Burning tears blurred his vision. He wished for nothing more then to protect her. He loved her, his beautiful daughter. This should not ever have been. She was not meant to die, not meant to taste the bitter end that would find her so soon. Should not feel such pain, or darkness. He wanted to take this from her, the choice, the love she bore that tore her apart from everything she had known for its own sake. He had sought to protect her all her life, and now, there was nothing he could do. She did this of her own choice.

"Arwen..." he laid his hands on her face, running his thumb across her pale, cold cheek, memorizing her features. She was so cold, so frail. His wonderful, lovely daughter. Her eyes were torn from his. She was pulling away, turning her face, staring out where the valley lay spread, murmuring of the winter, leaves dancing in the wind, falling like a soft shower in the bitterly cold breezes. The deep silver pools had a distant look in them, and he felt her mind reaching out across the land, beyond the sight of the lingering winter, searching lands where her eyes could not see.

She felt the darkness, blocking the groping tendrils of her thought as she reached for the presence of her beloved. Aragorn... she whispered his name faintly into the nothingness. My love, where are you?

"I can not see him," she whispered, and tears welled in her eyes, trickled down her cheeks. "He is gone into the darkness that spreads across the lands, and I can no longer see him." Such infinate sadness. It haunted each word, wrapping it in her pain. She pitched forward, dropping off the bench to land on the hard ground.

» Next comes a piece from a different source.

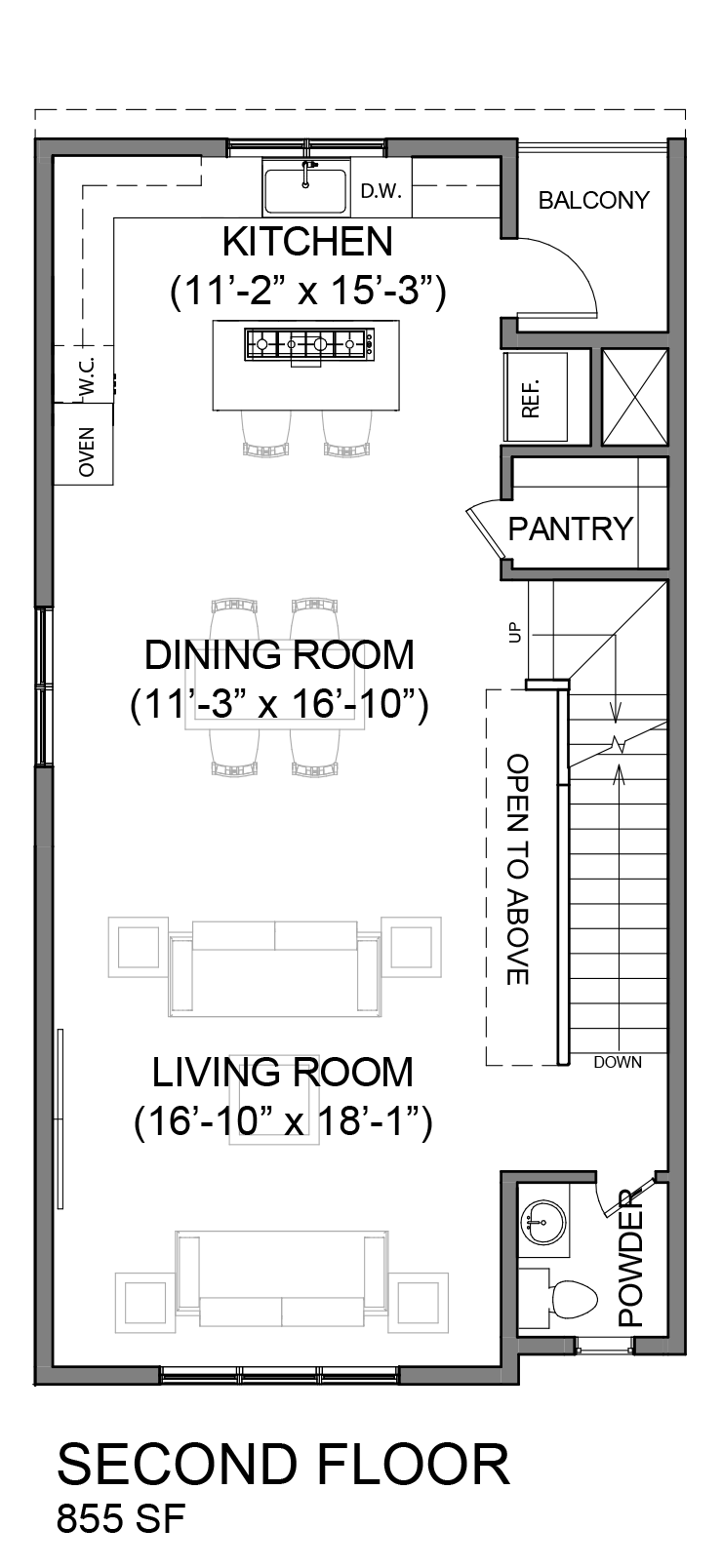Uptown North - Duo B Rear Deck, Second floor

The rock bit her knees through her dress, but she did not heed it as she threw her arms around her father.

Elrond drew her close, enveloping her in his arms as her shoulders began to shake with deep sobs. The seconds, minutes, hours, fell by in a neverending flow, unheeded. He held her, never wanting to move again, to merely hold her, and never let her go. Tears threaded his own cheeks, and his eyes lost sight of the world as they wandered far away. At last he found himself in reality again, and he glanced down to find Arwen sound asleep in his arms, forehead resting against his shoulder.

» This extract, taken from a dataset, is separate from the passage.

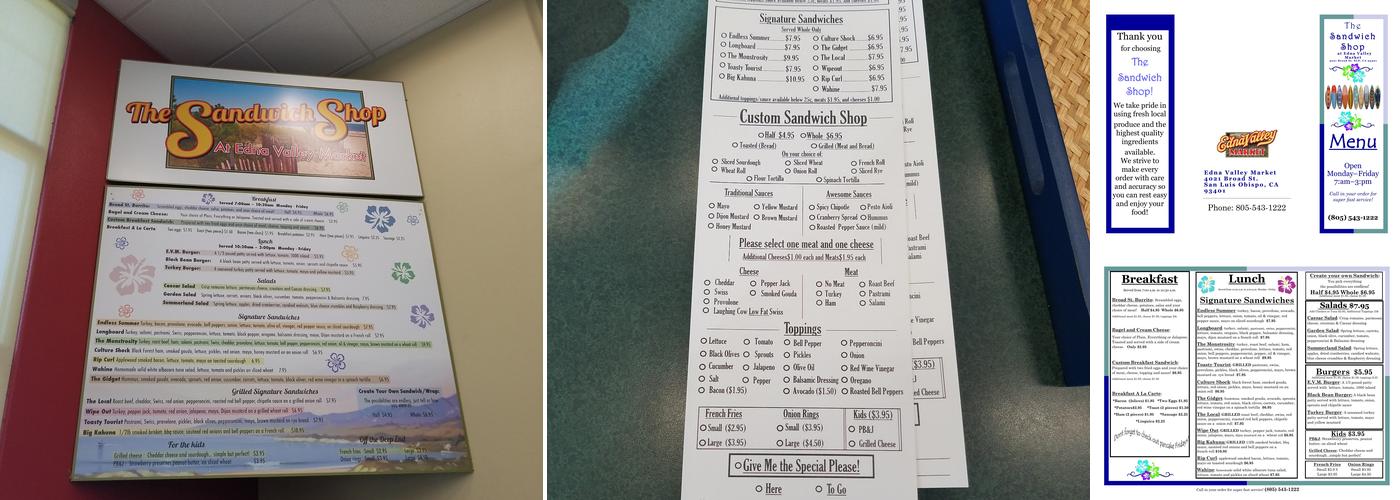 Edna Valley Market Menu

He shifted, rolling her back slightly so that he could look at her face. Her eyes were closed, red from weeping. She was sleeping, not the light paths of dreams tread by the elven kind, but the deep sleep of men. He traced the contours of her face, then gathered her up, rising with all the grace of his race that he possessed so as not to wake her, setting her gently on the chaise, pulling a blanket from nearby and laying it over her still form.

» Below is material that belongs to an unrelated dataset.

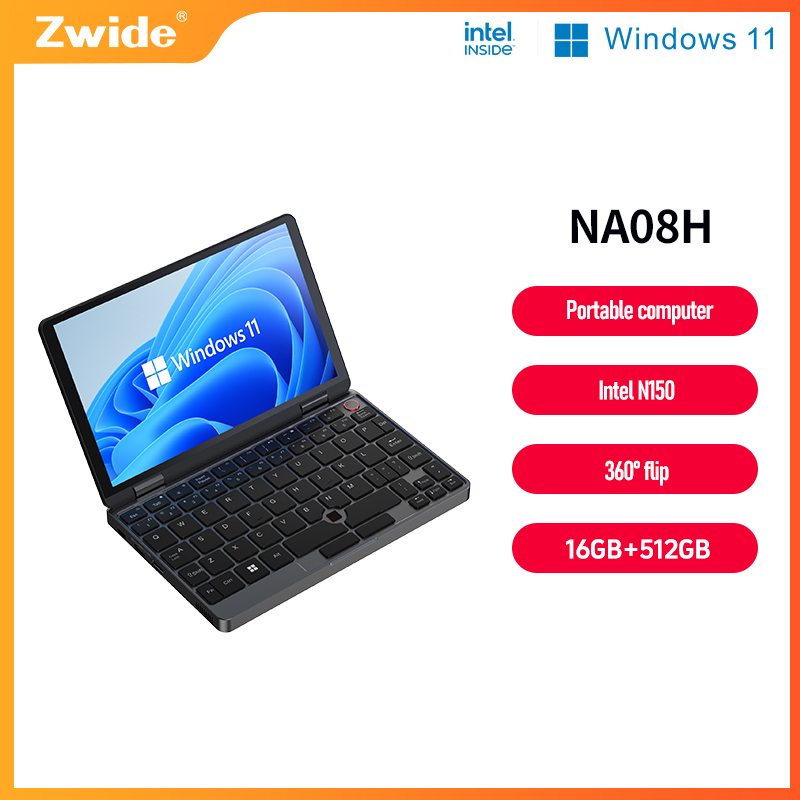Zwide Mini Laptop 8-inch touch screen two-in-one convenient pocket business trip business office entertainment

He sank to his knees next to her, taking her hand and enfolding it in his own as he watched her sleep. Time slipped away from him, precious moments that would fade too quickly and be lost, withered away into nothing but a memory. Like she would. The ache bit deep, throbbing with each breath. He wanted to carry her away from this place, to scoop her up in his arms and bear her to a land and time where neither of them knew such hurt. Where keeping her didn't mean having to see the regret and despair in her eyes when he looked at her, and letting her go didn't mean losing her for all eternity.

But her choice had been made, and her heart now rested in another's hold. Valar, at last he understood why Elu had locked his daughter away up high in a tree. She would fade, wither away as the days of glory and light had, would become the darkness that was now this world. It nearly drove him mad with desperation. He stifled a raw sob that threatened to burst free, clamping a hand over his mouth as he stroked his thumb over her knuckles with the other, anchoring himself in the storm.

"All is not lost," he whispered urgently, trying to convince himself he believed it, voice parched with grief. He planted a soft kiss against the back of his precious daughter's hand.

"You must believe... all is not lost."